Pierre DELORME répond dans son excellent ouvrage
"Dojo, le temple du sabre".
Avant chaque entrainement de la journée, il y avait le rythme immuable de nettoyer le plancher de l'aire de combat. C'est en effet une règle, dans chaque Dojo de Sabre, de passer systématiquement la serpillère.
Le plancher de combat en effet, doit être impeccable.
D'abord par sécurité : des éclats de bambou y subsistent parfois car même bien surveillées, les lamelles de bambou qui composent les Shinai, les sabres d'entraînement, risquent de s'effilocher et blesser gravement les pieds nus des pratiquants.

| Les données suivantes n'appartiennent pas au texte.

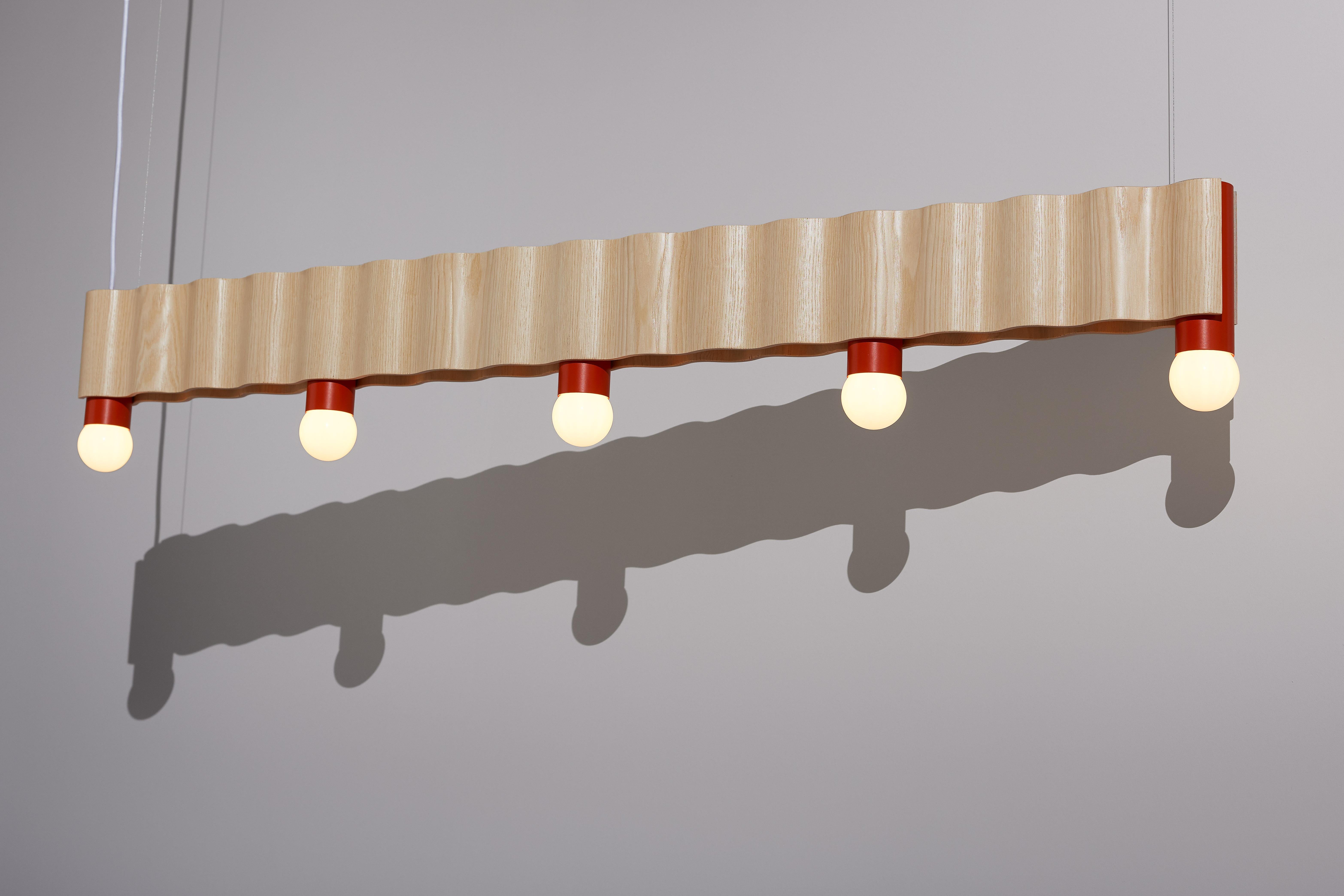 Linear corrugation pendant light (5 bulbs) made from natural ash veneered plywood (clear coated) and vermilion red powder-coated aluminium tubes.

Created in collaboration with Tino Seubert.

The linear pendant also comes as a shorter 4-bulb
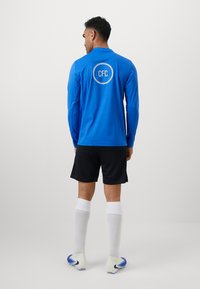 Blå langærmet trøje med "CFC" logo, sorte shorts, hvide sokker og fodboldstøvler med blå accenter. Glat stof og tætsiddende design.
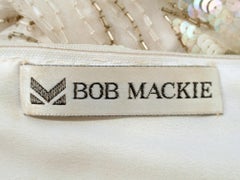 Bob Mackie White Long Sleeve Gown, with waves of Purple and Blue Beads & Sequins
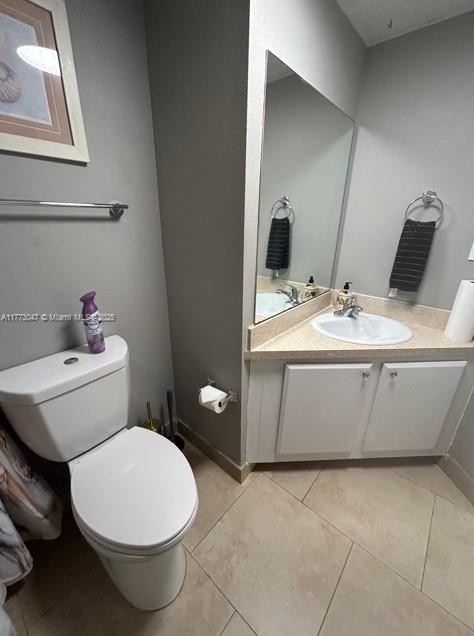 2445 SW 18th Ter Unit 1119, Fort Lauderdale, FL 33315 - bathroom featuring toilet, tile patterned floors, and vanity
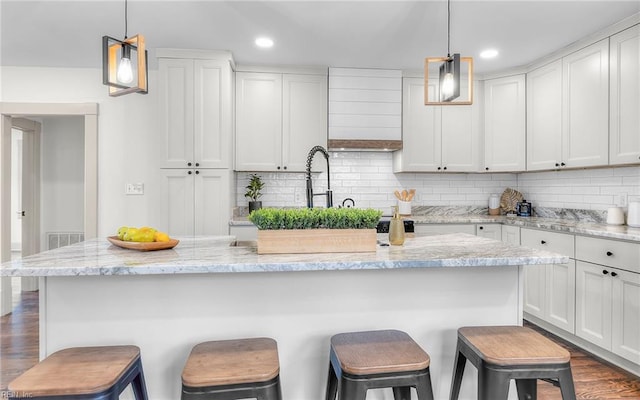 1006 Mayfield Ave, Chesapeake, VA 23324 - kitchen with white cabinetry, a kitchen breakfast bar, and recessed lighting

Ensuite, c'est indispensable pour un entretien correct du plancher. Celui-ci joue déjà en fonction du climat et des grandes différences de températures et il faut préserver sa fibre. Une bonne humidité entretenue régulièrement lui garde son état d'une façon constante et pour la pratique des combattants, cela empêche de glisser.
A toutes ces raisons pratiques s'en ajoute une autre. L'exercice de frotter le plancher est un excellent échauffement qui fortifie les jambes. Mais c'est également, et ceci est peut-être le plus important, une excellente leçon d'humilité et de respect. Nettoyer le Dojo, frotter le plancher, sont des tâches ménagères manuelles comme celles exercées dans un monastère Zen et imposent un esprit d'humilité et de simplicité. C'est se concentrer sur quelque chose de simple et l'exécuter avec conviction.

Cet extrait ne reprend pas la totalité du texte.